À un an des élections générales, l’ANC semble être arrivée au bout du grand nettoyage qu’elle a lancé au sein de ses organisations, entre autres la Ligue de la jeunesse et l’Association des vétérans d’Umkhonto we Sizwe. Les structures internes de l’ANC n’y ont pas échappé non plus depuis le congrès de Polokwane, en 2007, et après celui, électif, de Mangaung, en décembre 2012, dans les branches qui ont soutenu la candidature de Kgalema Motlante contre Jacob Zuma. Le leitmotiv de l’« unité nationale » indispensable à la « reconstruction du pays », si cher au président Jacob Zuma, ressemble plus que jamais à une sorte de litanie sans fond ni fin.
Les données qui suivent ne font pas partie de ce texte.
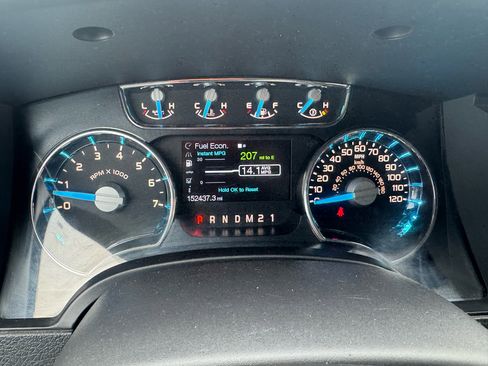 Used 2014 Ford F150 Lariat w/ Equipment Group 501A Mid image 20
La création récente de deux nouveaux partis début 2013 en est la preuve. Déjà, en 2008, des dissidents de l’ANC et figures incontestées de la lutte contre l’apartheid, Mosiuoa « Terror » Lekota et Mbhazima Shilowa, avaient fondé le Congrès du peuple (Cope). Certes, il n’avait obtenu « que » 7,42 % des voix aux élections de 2009, mais en remportant 30 des 400 sièges à l’Assemblée nationale, le Cope avait contribué à priver l’ANC de la majorité absolue et ouvrait une brèche dans une forteresse que l’on pensait inébranlable.
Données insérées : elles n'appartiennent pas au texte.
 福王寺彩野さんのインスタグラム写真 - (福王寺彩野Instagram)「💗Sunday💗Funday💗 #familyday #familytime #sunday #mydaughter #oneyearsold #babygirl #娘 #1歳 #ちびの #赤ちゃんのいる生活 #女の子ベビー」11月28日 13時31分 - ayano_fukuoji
Le 18 février dernier, Mamphela Ramphele lançait Agang South Africa (Construisons l’Afrique du Sud). Son objectif : donner le pouvoir au peuple, construire des services publics efficaces, une économie restructurée, une éducation et un système de formation modernes, et restaurer la position de l’Afrique du Sud en Afrique et dans le monde. Le Dr Mamphela Ramphele est une ancienne dirigeante du Mouvement de la Conscience noire, compagne de Steve Biko avec lequel elle a eu deux enfants. Elle a été directrice à la Banque mondiale et membre de la direction de plusieurs groupes industriels, dont elle a démissionné pour revenir à la vie politique. Très critiquée pour ses positions anti-grévistes lors des grèves tragiques dans les mines en 2012 et pour ses appels à moderniser ce secteur par des licenciements massifs – de fait son ancien employeur Anglo Américan, vient d’annoncer sa volonté de licencier 6 000 mineurs –, cette femme influente peut, cependant, fédérer et séduire une partie de l’électorat.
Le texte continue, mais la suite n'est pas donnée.